(Brief descriptive captions)
::::::::

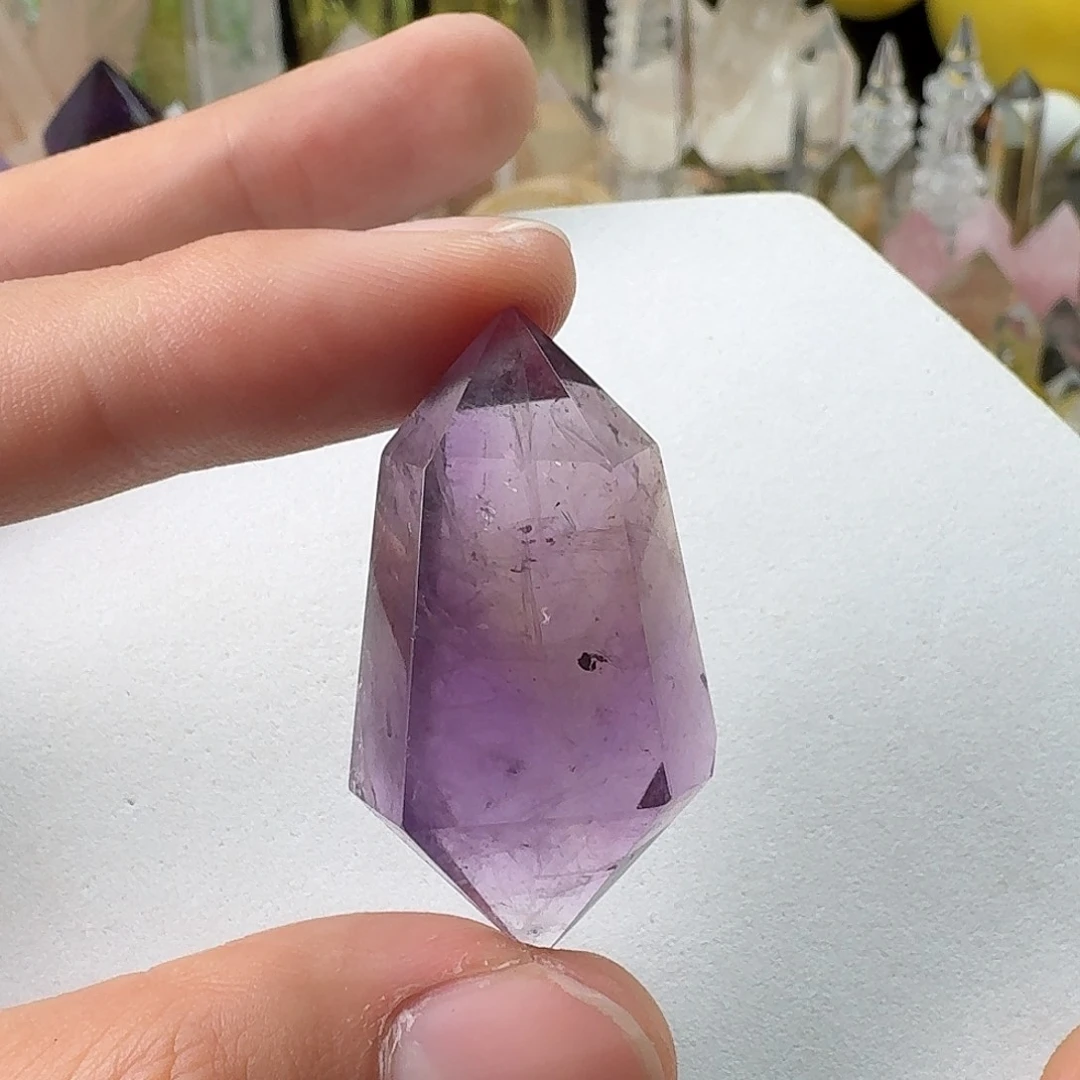 水晶珠宝半成品未镶嵌紫晶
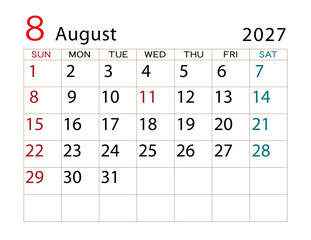 2027年カレンダー　8月	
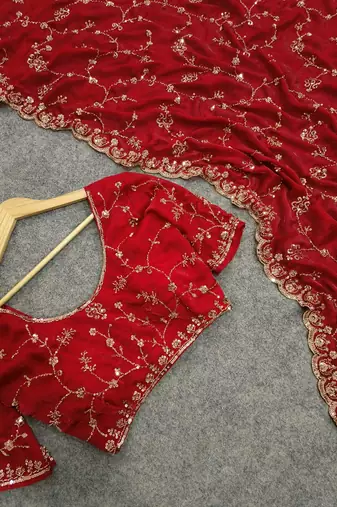 Elegant red embroidered saree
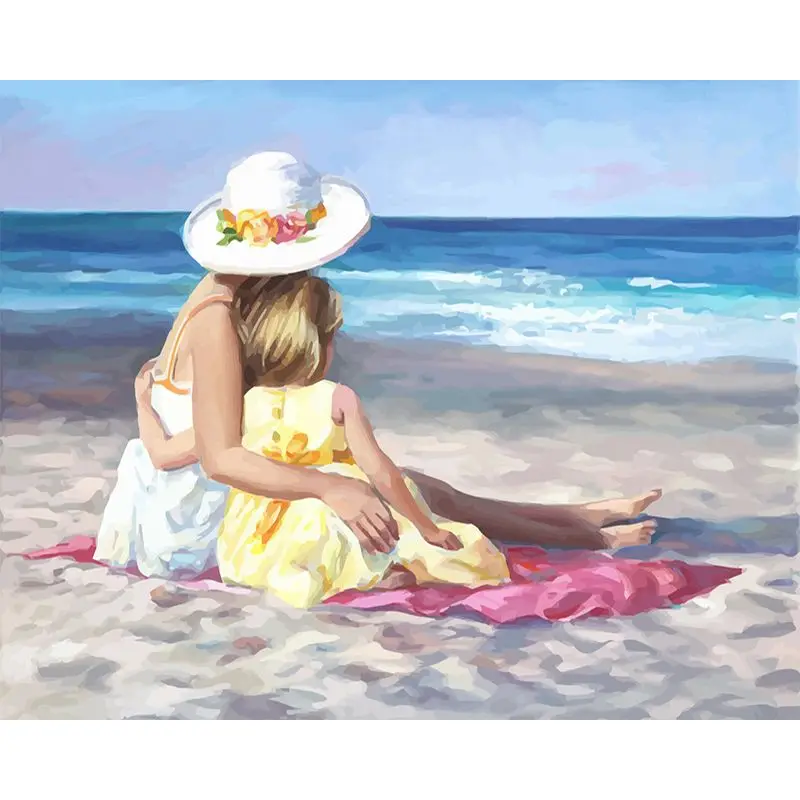 

SELILALI Girl On Seaside Beach Figure Oil Painting By Numbers Home Decoration Wall Artcraft Decor Framed On Canvas Paint Art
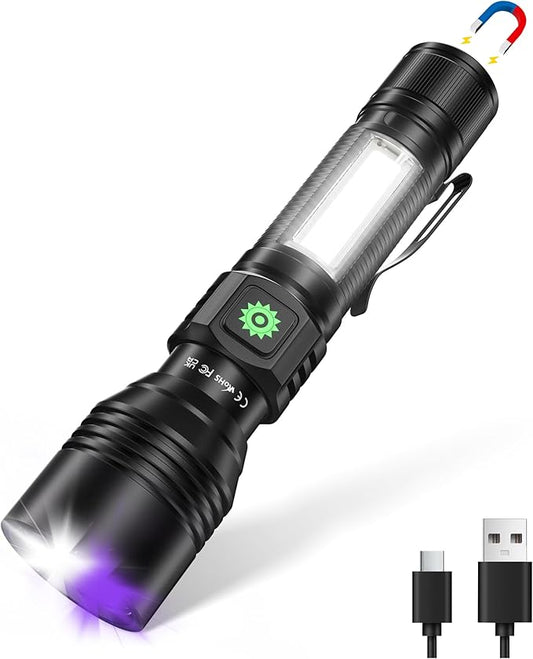 DARKDAWN 3 in1 Super Bright Flashlight & UV Flashlight 395nm, High Lumens USB Rechargeable LED Flashlights,Handheld Portable Flash Lights for Camping, Outdoor Adventure, Pet Urine Stains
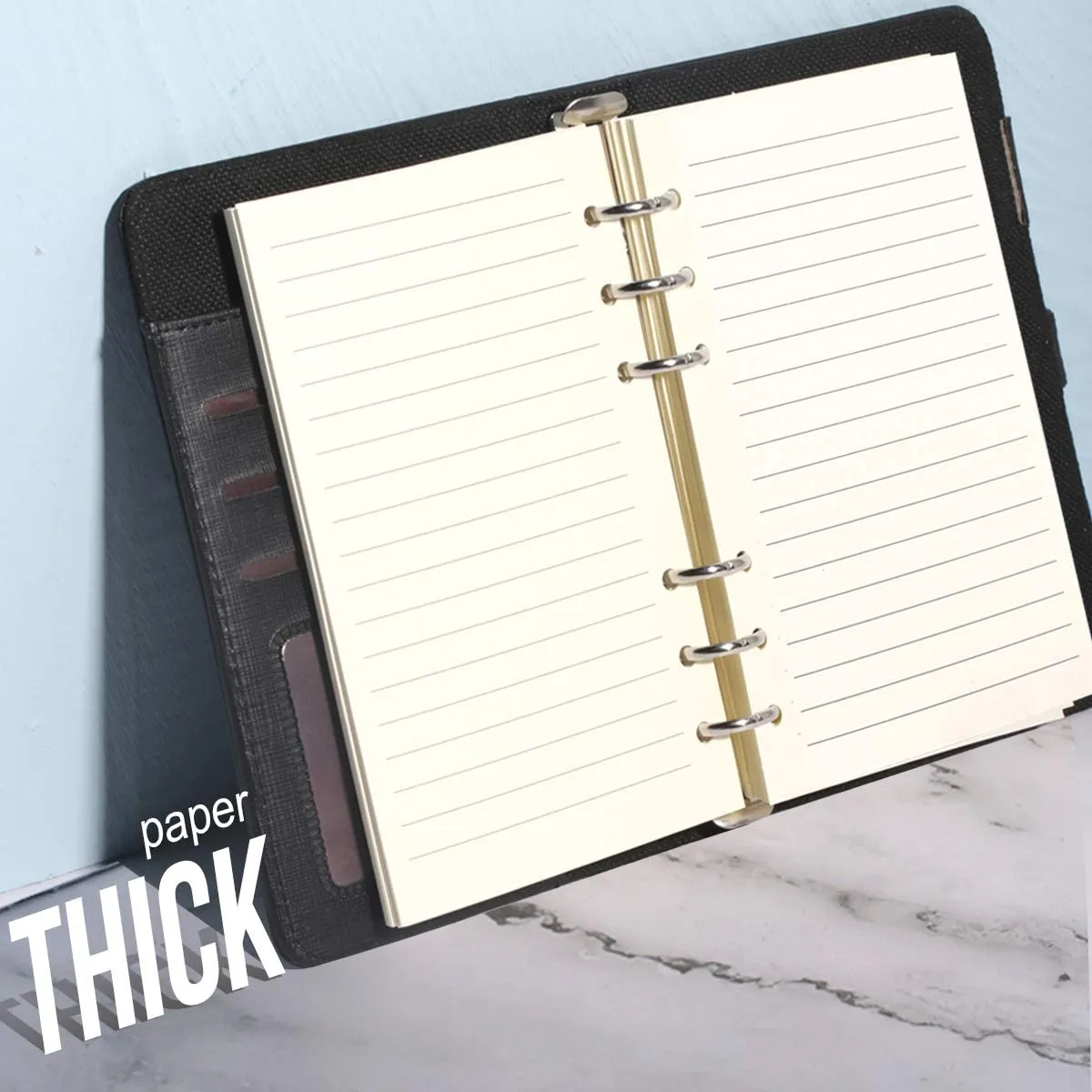 A5 Paper 6 Hole Blank Refill Paper DIN A5 Refill Inserts 100gsm Blank Paper Loose Leaf 100 Sheets / 200 Pages For A5 6 Ring Binder Refillable Notebook Diary Sketchbook Organiser - View #2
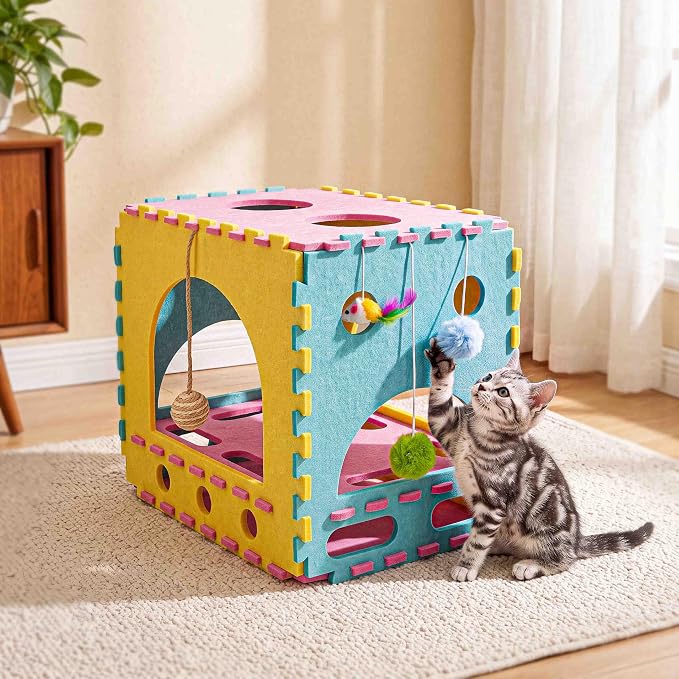 Cat Houses for Indoor Cats, Cute Cat Bed Cave with Soft Pillow, Cat Cube for Multiple Large Cats, Fun Dice Shaped, 17 Inches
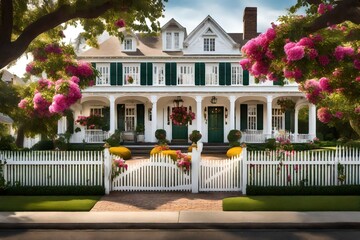 A charming colonial-style home with a white picket fence, showcasing a welcoming front facade adorned with vibrant flowers and a well-manicured lawn.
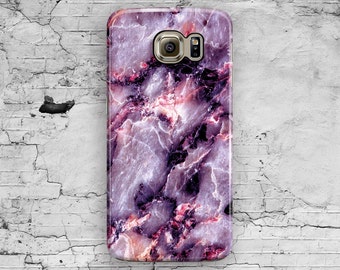 Purple Marble Samsung Galaxy S7 Case, Galaxy S6 Case, Pink Marble Galaxy S7 Edge, Galaxy S6 Edge Plus, S3 S4 S5 Note 7 3 4 5 Cool Granite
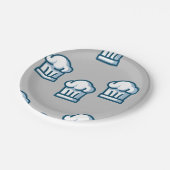 Assiettes En Carton chef casquette sur gris (Angle)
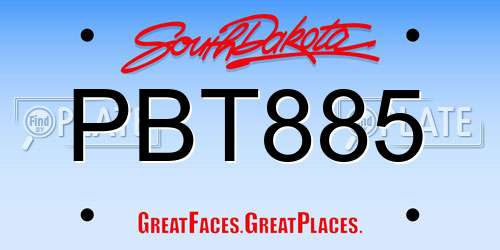 PBT885 South Dakota License Plate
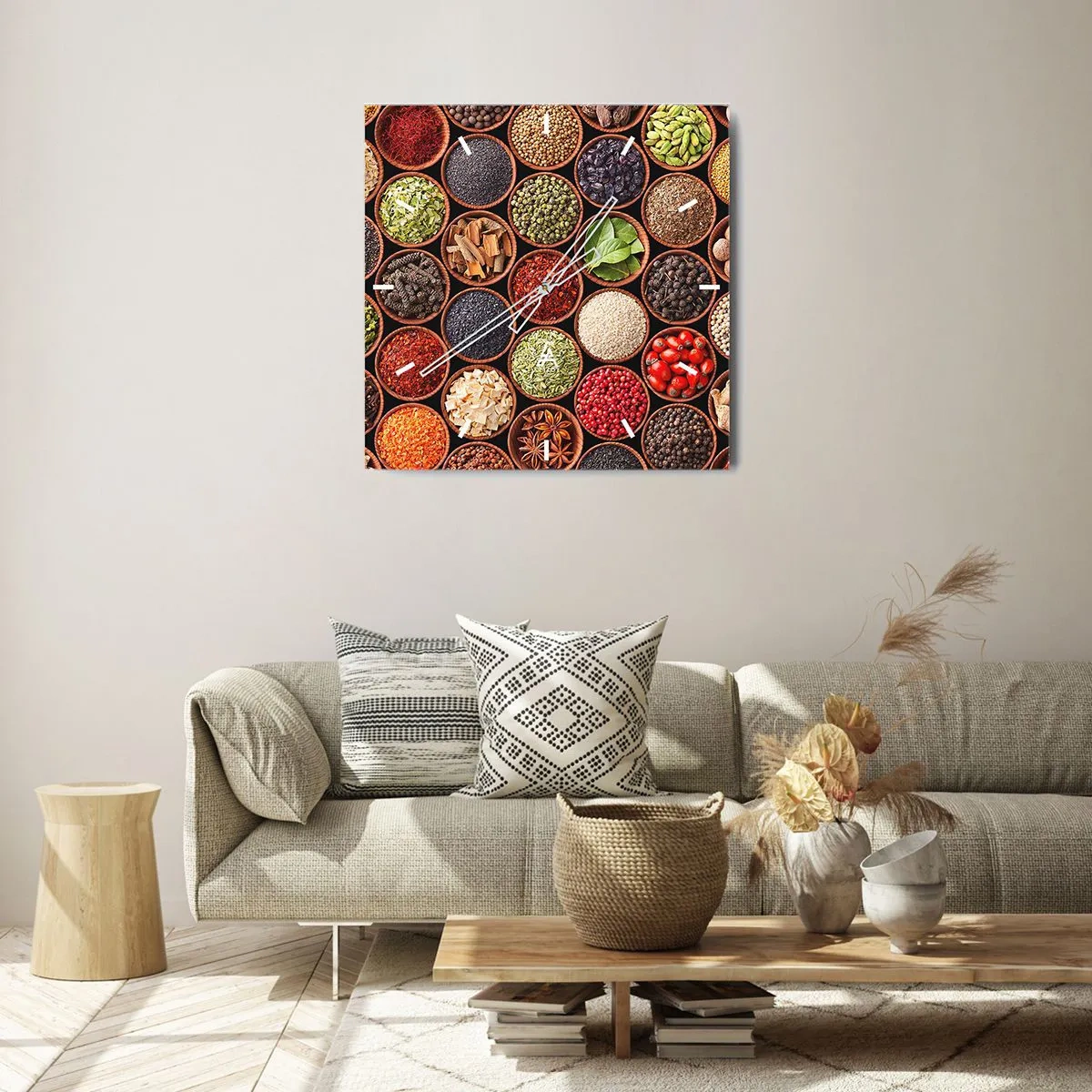 Ceas de perete - Ceas pe sticlă - Toate gusturile lumii - 40x40 cm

::::::::

** Brief **
Output exactly, and only, the lines of the entries above from the one with "SELILALI Girl On" up to and including the one with "DARKDAWN 3 in1"; pictures are to be left out.

** Response to the task **
SELILALI Girl On Seaside Beach Figure Oil Painting By Numbers Home Decoration Wall Artcraft Decor Framed On Canvas Paint Art
 DARKDAWN 3 in1 Super Bright Flashlight & UV Flashlight 395nm, High Lumens USB Rechargeable LED Flashlights,Handheld Portable Flash Lights for Camping, Outdoor Adventure, Pet Urine Stains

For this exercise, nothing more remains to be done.